Dani Shapiro is a writer and bestselling author of five novels and four memoirs. Her latest memoir "Hourglass" explores her 20-year marriage. Here, she shares what she learned during the writing process.
When I set out to write a memoir about my marriage, I was most interested in what keeps a couple together over time, growing towards, away and alongside one another. After all, we all grow and develop at different rates and in different ways.
Here are some things I learned while writing this book:
It would seem to go without saying, but so often we’re unkind — or secretly judgmental — to our spouses. He’s gained a little weight? You don’t like the way he clears his throat? (Did he always do that?)
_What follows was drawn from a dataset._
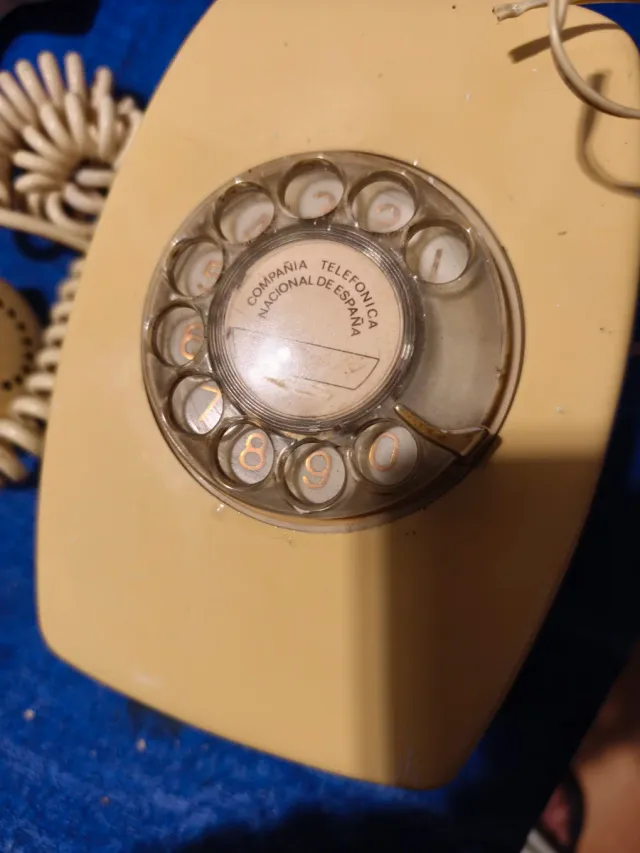 Teléfono antiguo de disco beige de pared.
How about, instead, looking at one another with compassion? You’re traveling down this road together. My husband and I dealt with a very sick child, early in our marriage. The fact that we were kind to one another during that terrifying time is something that deeply bonded us together. Which brings me to my next point...
We often treat our friends with more care than our spouses. The strongest marriages, over the long run, are ones in which the couple are really close friends.
3. The hot potato
This is a big one. When I was writing this book, I realized that my husband often says to me, “I’ll take care of it,” about small things, and big. There was a moment in the book when things were tough at work, and he wasn’t feeling very hopeful. One night, as he lay sleeping, I looked at him and thought: “I’ll take care of it.” It’s like a hot potato that we pass back and forth between ourselves over the course of a lifetime. Who’s strong right now? Who can take care of it?
4. The third thing
Every couple needs to have a third thing, something outside of themselves that they share. For some, it’s a sport. For others, a hobby. For my husband and myself, it’s our writing, and our lives as writers. Children can be a third thing, but it’s best if they aren’t the only third thing, because then what happens when they grow up and begin lives of their own?
5. Your own language
If a couple is together over time, it means they will go through many joys and sorrows together. They will experience grief, loss, great pleasure, pride and a mutual maturing. This means that they'll develop their own language — whether they’re aware of it or not. Inside jokes, sideways glances — a knowledge of one another that no one else can share. Value and cherish this knowledge, this private language. It’s a beautiful thing to be so deeply known.
In the year I wrote "Hourglass" I learned so much about my own marriage. Perhaps most importantly, I learned that many of the ways my husband and I are different — which have sometimes been a source of conflict — are also a source of tremendous growth. Over twenty years, we have pushed each other to develop new muscles, to each become the best version of ourselves — not who we want each other to be, but who we are.